DateStages of FAIR Risk Methodology
Fair Risk Methodology has four major stages comprising ten steps. Under the first stage, there is the first step, which involves the identification of the asset at risk. For the estimation of control and value characristics of the risk analysis to be possible, it is important to first identify the object under evaluation. If the analysis is at a multilevel, the analyst will need to evaluate the object at risk and all the meta-objects existing between the threat community and the primary asset (Lajoux, Alexandra, and Charles Elson, 32).The second step involves the identification of the threat community, which is important in the estimation of the Threat Event Frequency and Threat Capability. When evaluating risks associated with malicious actions, the analyst will be required to decide on whether the threat community is malware or human, and external or internal. The second stage in the analysis is the evaluation of loss event frequency. The third step coming under this stage is the threat event frequency, which is the probable frequency in a given time frame that will be acted upon by a threat agent. Contributing factors to this step include probability of action and contact frequency. The fourth step is the threat capability, which is the probable force level that enables the threat agent to apply against an asset. Contributing factors under this step include resources and skill (Lajoux, Alexandra, and Charles Elson, 23).
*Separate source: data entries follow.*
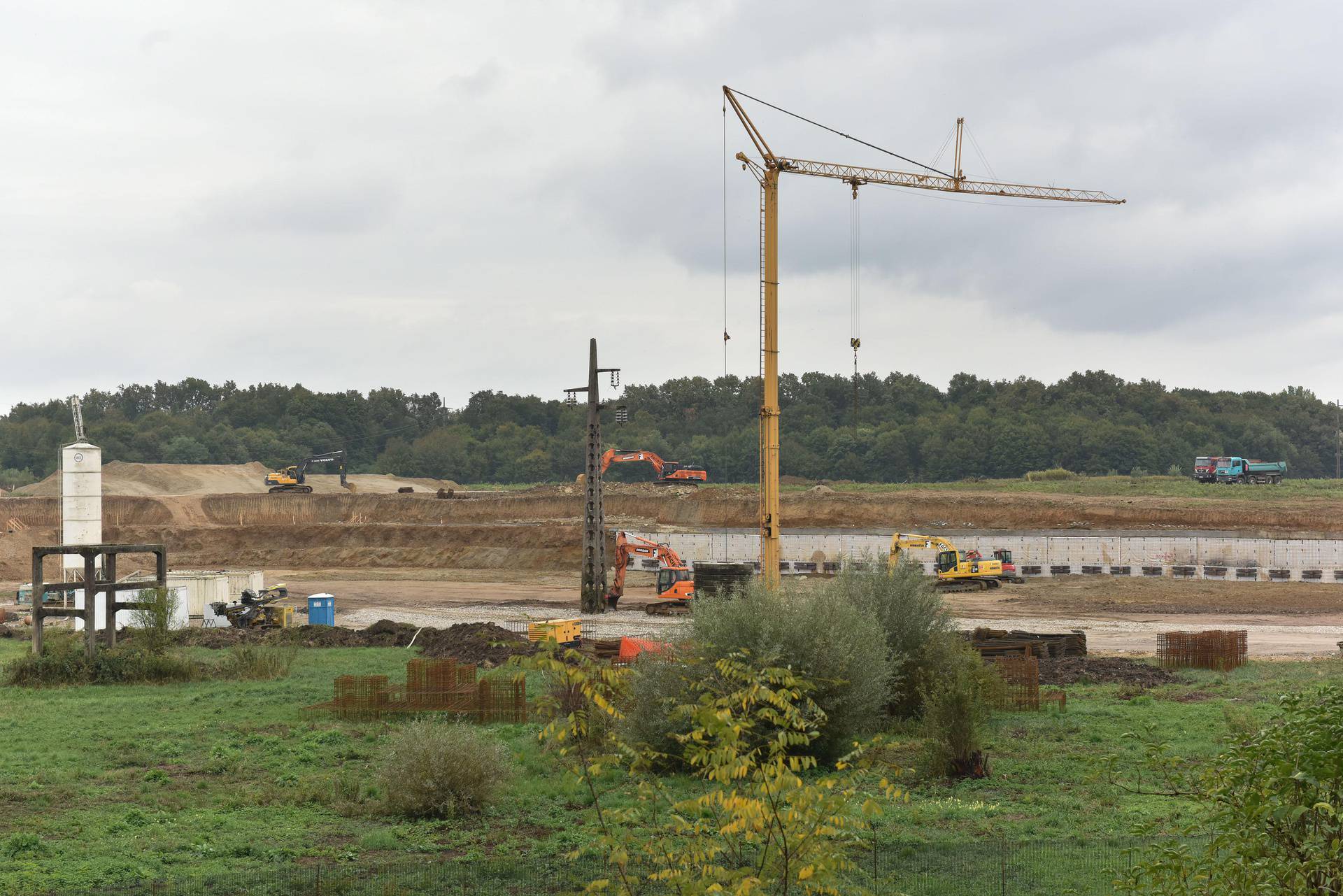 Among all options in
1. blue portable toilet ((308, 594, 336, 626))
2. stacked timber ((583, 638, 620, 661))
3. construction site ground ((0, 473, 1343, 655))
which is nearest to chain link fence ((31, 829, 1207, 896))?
stacked timber ((583, 638, 620, 661))

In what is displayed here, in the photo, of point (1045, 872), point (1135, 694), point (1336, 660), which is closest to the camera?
point (1045, 872)

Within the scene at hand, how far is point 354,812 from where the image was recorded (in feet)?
56.2

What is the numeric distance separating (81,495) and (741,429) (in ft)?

The next step is the control strength, which is the expected effectiveness of control over some timeframe as it is measured against a baseline force levels. Contributing factors under this step include assurance and strength. The next step under this stage is the vulnerability analysis, which involves analyzing the probability that an asset will not be able to resist actions of the threat agent. The analysis in this step is closely related to the results of analysis in step four and five. The next step, which is step seven, is the analysis of loss event frequency. It involves the analysis of the probable frequency within a certain time frequency, over which a threat agent will cause harm to an asset. The next stage in this methodology is the evaluation of probable loss magnitude. The next step under this stage, which is step eight, is the estimation of estimation of worst-case loss. This involves the estimation of worst-case magnitude using three steps. The first step is the determination of threat action most likely to result in worst case outcome (Lajoux, Alexandra, and Charles Elson, 23). The second step is the estimation of the magnitude for each loss form that is associated with the threat action. The last step in this aspect is “summing” the loss form magnitudes. The next step in this stage is step nine, which involves estimating probable loss. The estimation of probable loss magnitude is done using three steps. The first step involves the identification of the threat community action that is most likely. The next step is the evaluation of probable loss magnitude for every loss form and the last step is “summing” the magnitudes.
The last stage in this methodology is the derivation and articulation of risk and the next step, which is step eight, is also the derivation and articulation of risk. It involves the probable magnitude and frequency of future loss. Properly articulated analysis should give decision makers the opportunity to get at least two important pieces of information:”the estimated loss event frequency” and “the estimated probable loss magnitude”. The information can be displayed through charts, texts, or both. In most cases, it is better to also display the “estimated high-end loss potential” to make the decision maker become aware of the expected worst-case scenario. The strength of the FAIR methodology is that it is able to establish accurate probabilities for the magnitude and frequency of loss events. It also has a consistent framework useful in performing risk analyses (Lajoux, Alexandra R, and Charles Elson, 21). The weakness is that FAIR is not a methodology in dealing with risk management, but it is only used to complement the existing methodologies. Using FAIR to analyze somebody’s risk associated with commercial gain is only possible after getting a license from RMI.
Lajoux, Alexandra R, and Charles Elson. The Art of M & a Due Diligence: Navigating Critical Steps & Uncovering Crucial Data. New York: McGraw-Hill, 2000. Internet resource.